> How to complete this task
Word for word, copy the line that contains "Surf board - Image 3" and each line after it in the data below. Pictures stay out of the copy.

> Source material
┌──
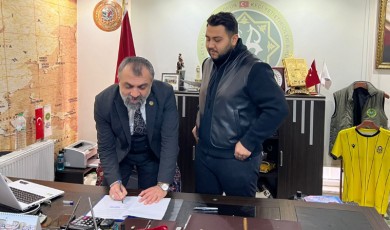 Malatya'da Çiftçilere İndirimli Traktör Protokolü!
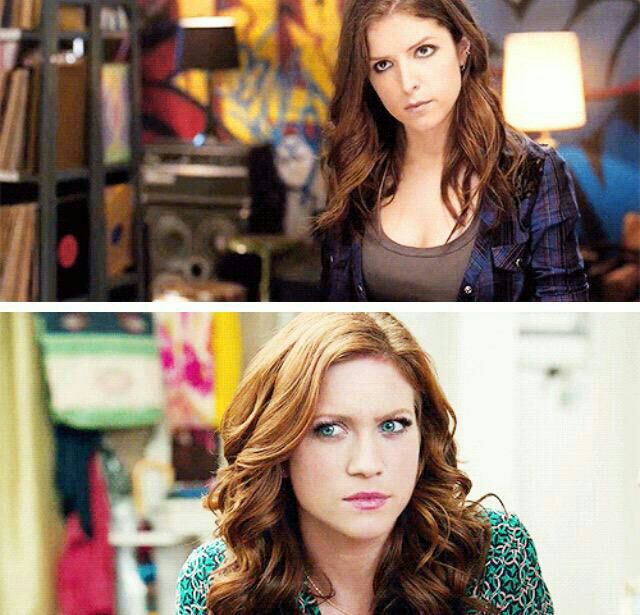 Beca Mitchell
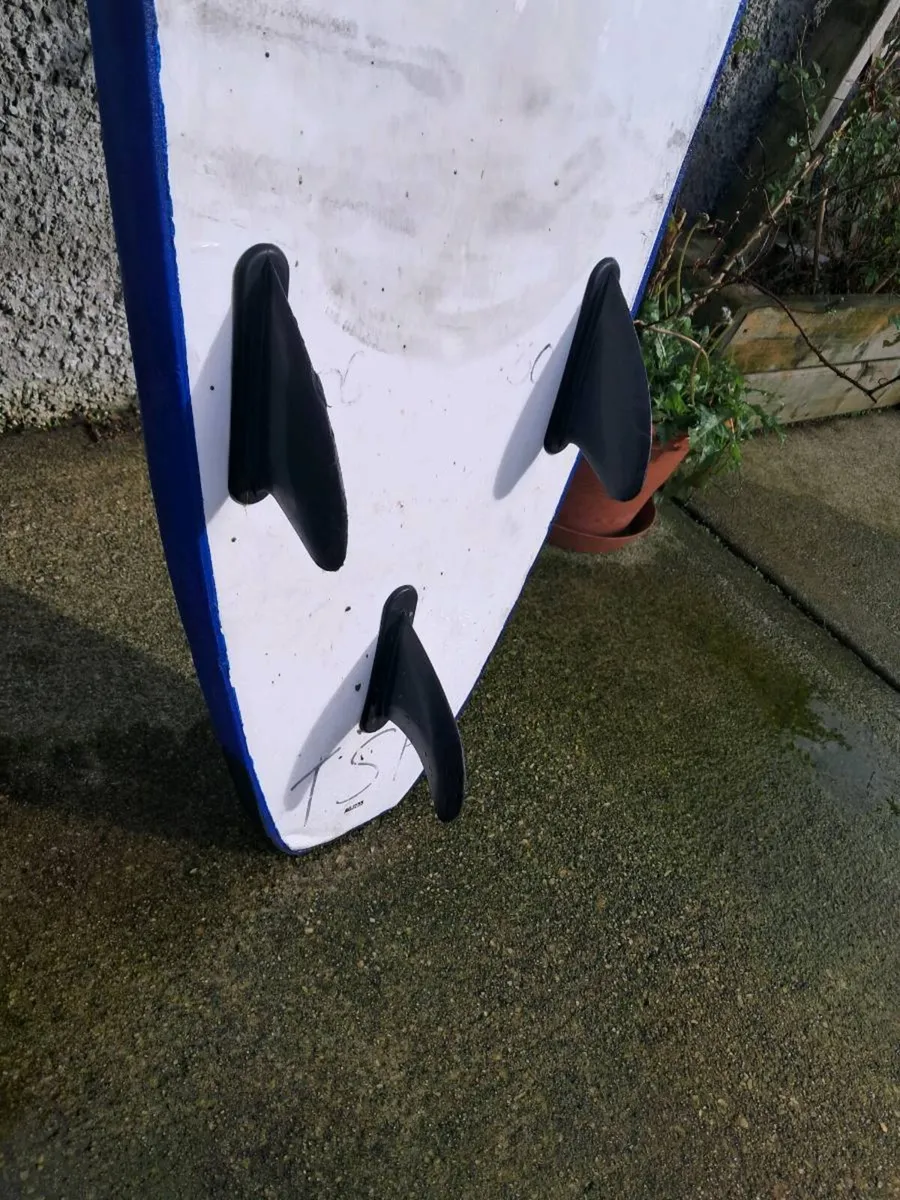 Surf board - Image 3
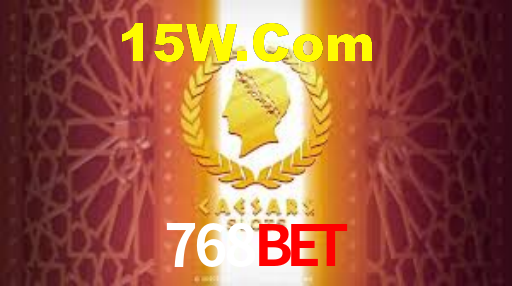 768Bet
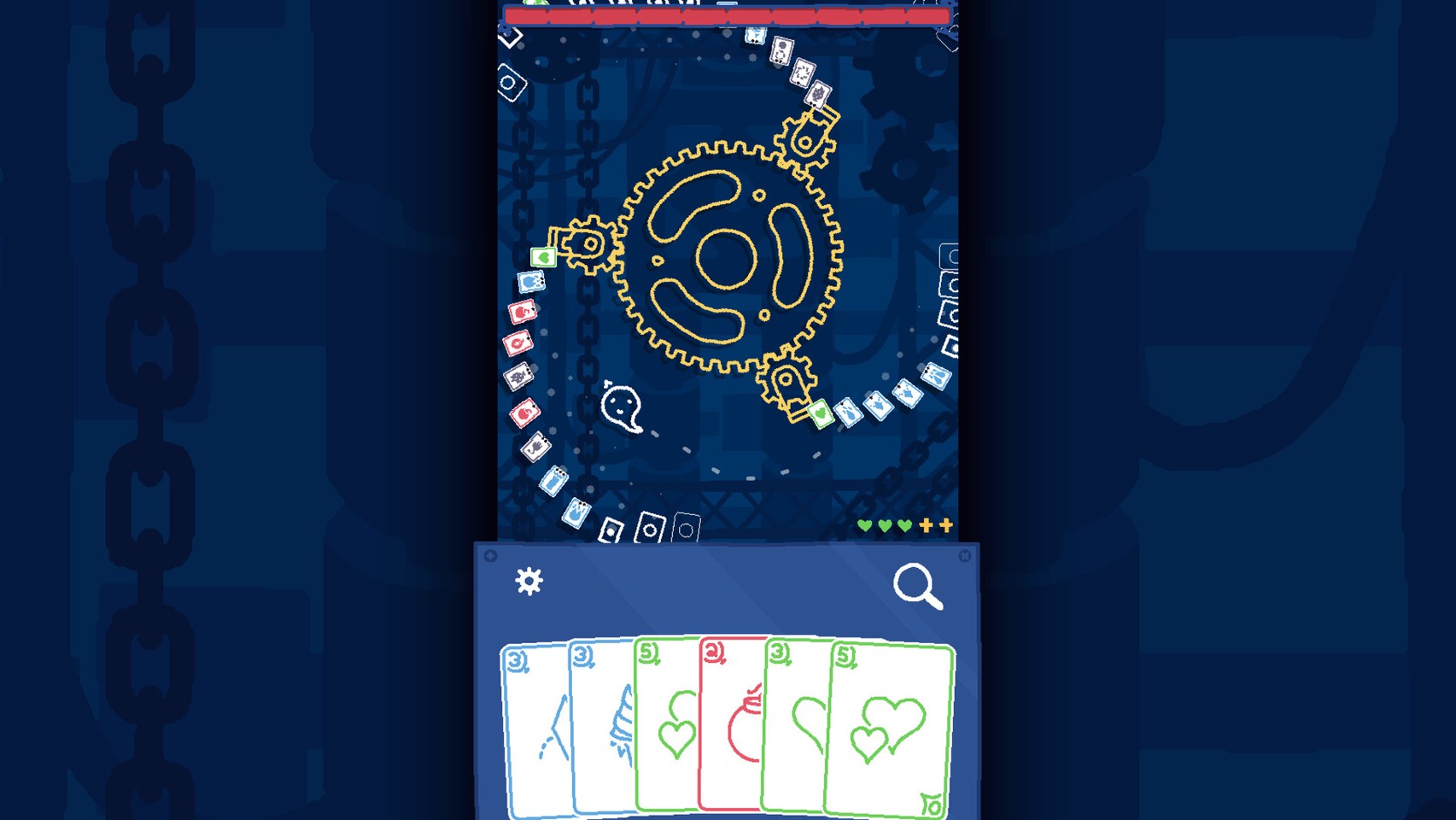 Heck Deck- PC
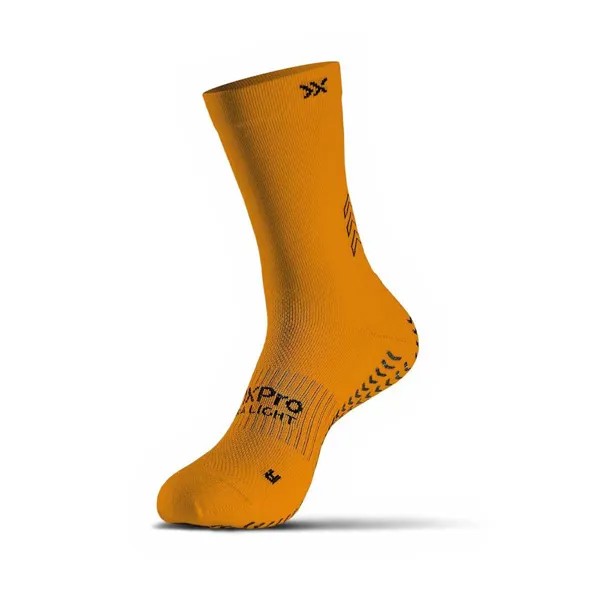 Носки Soxpro Ultra Light Grip, оранжевый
└──
> Response to the task
 Surf board - Image 3
 768Bet
 Heck Deck- PC
 Носки Soxpro Ultra Light Grip, оранжевый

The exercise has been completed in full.